Thought about maps... David Crosby points out the copyrightability of maps and how that plays into _Feist_.
Firstly, the copyrightable elements of maps are the selection arrangement and creative depiction of the underlying facts. One need only open a few different maps to realize that there are hundreds of different variations of even the basic USA Map. I have one on my wall at home that is incredibly fanciful with clever depictions of states based on their claim to fame and another from National Geographic that painstakingly lays out the state boundaries and capitals and selected major cities, etc.

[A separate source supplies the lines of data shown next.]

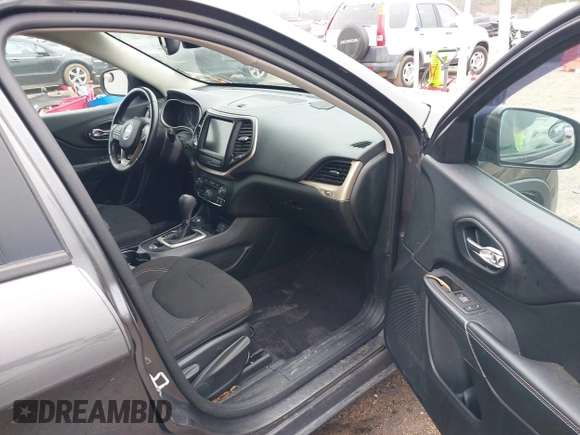 2017 Jeep Cherokee Latitude с VIN 1C4PJMCS1HW521429, выставлен на аукционе IAAI как лот 41286914 с пробегом 153 855 миль миль и . История ставок и продаж доступна на DreamBid. Изображение 5.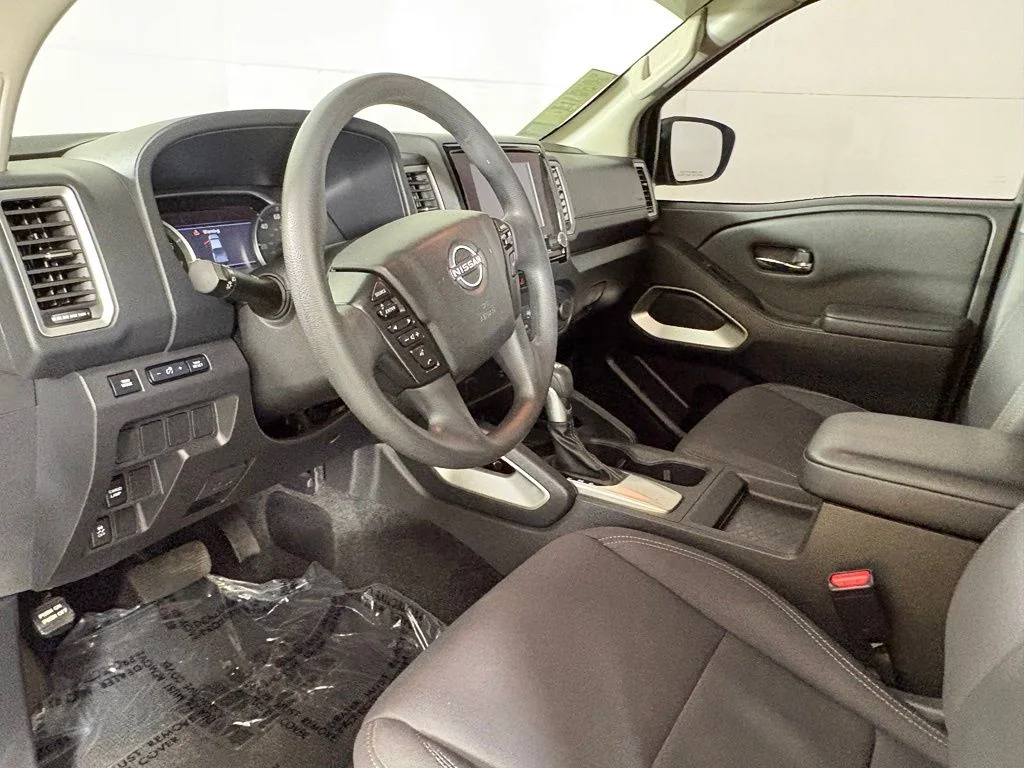 Used 2022 Gray Nissan SV image 21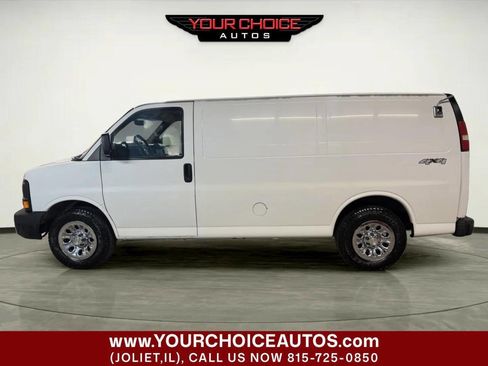 Used 2014 Chevrolet Express 1500 1500 AWD 3dr Cargo Van image 2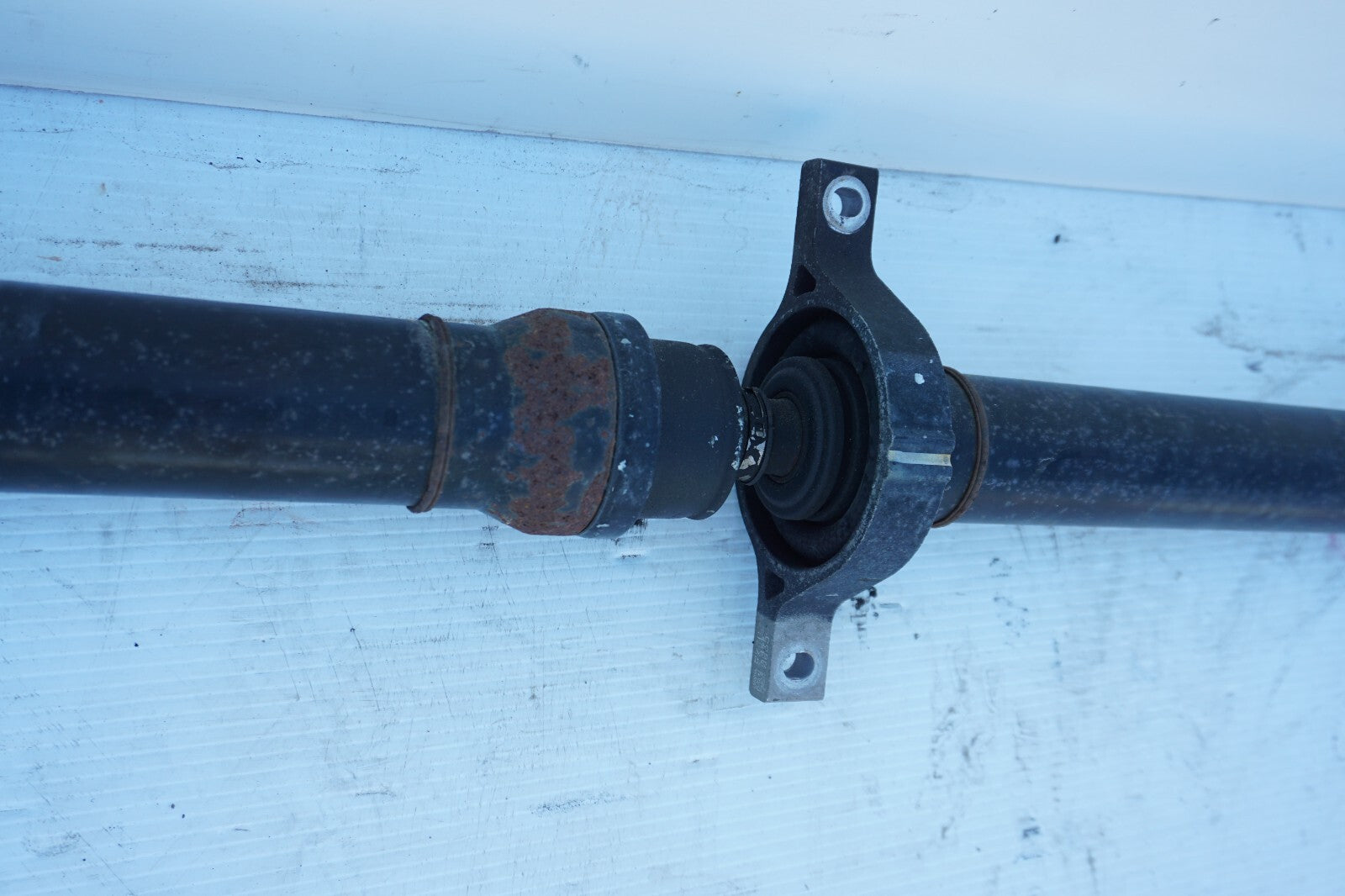 2013-2016 HYUNDAI SANTA FE REAR DRIVESHAFT 49300-B8150 OEM
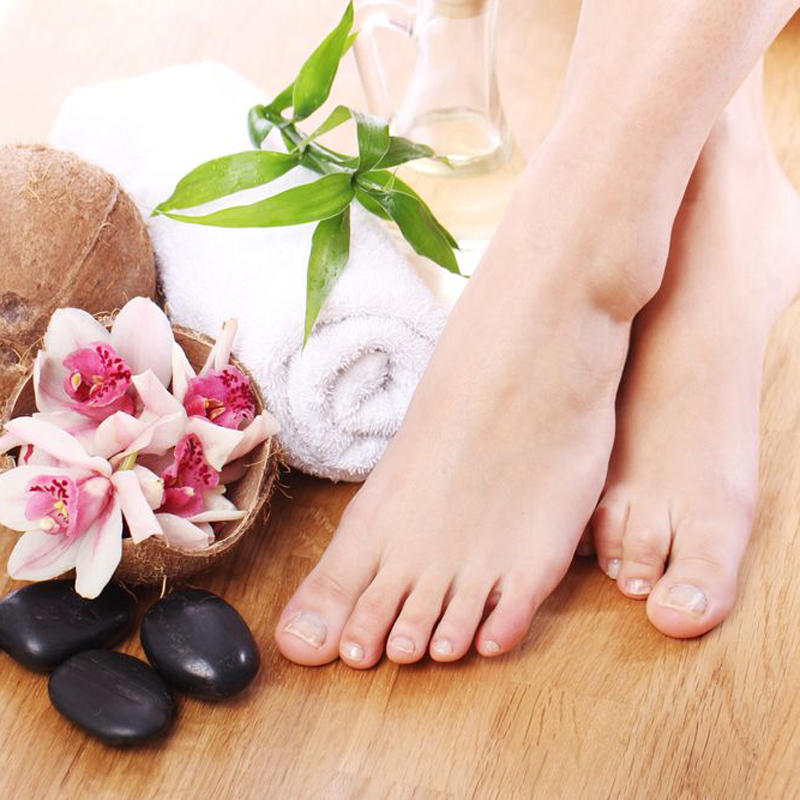 Classic Spa Pedicure w Shellac on Top Classic Spa Pedicure w Shellac on Top
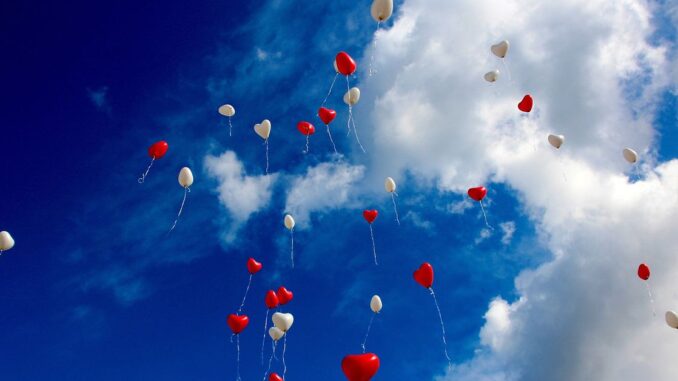 XRP Registers Biggest Single-Day Gain in 3 Months After SEC Drops Charges Against Ripple's Leaders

These choices make the map as an overall work copyrightable but that copyright would not protect against someone creating a listing of mountain heights from your painstaking work because despite the fact that you used selection and arrangement to decide to show mountain heights, the underlying fact -- mountain's height -- can not be protected.
But, by the same token, if someone else makes a fanciful map copying the one I have but redraws the same images in their own style, that would likely be an infringing derivative work.
The difficulty comes when someone is tracing the National Geographic USA Map which is more factual. I think _Feist_ does create a hurdle here that works against people like National Geographic, but perhaps it is a useful hurdle in the sense that it prevents an organization like the Phone Company from locking up for 100 years the protection in its customer's names and numbers trivially arranged. Or an organization like National Geographic from locking up an accurate 1:X scale Y projection map of the USA which corresponds nicely to the common view that everyone is used to seeing of the USA.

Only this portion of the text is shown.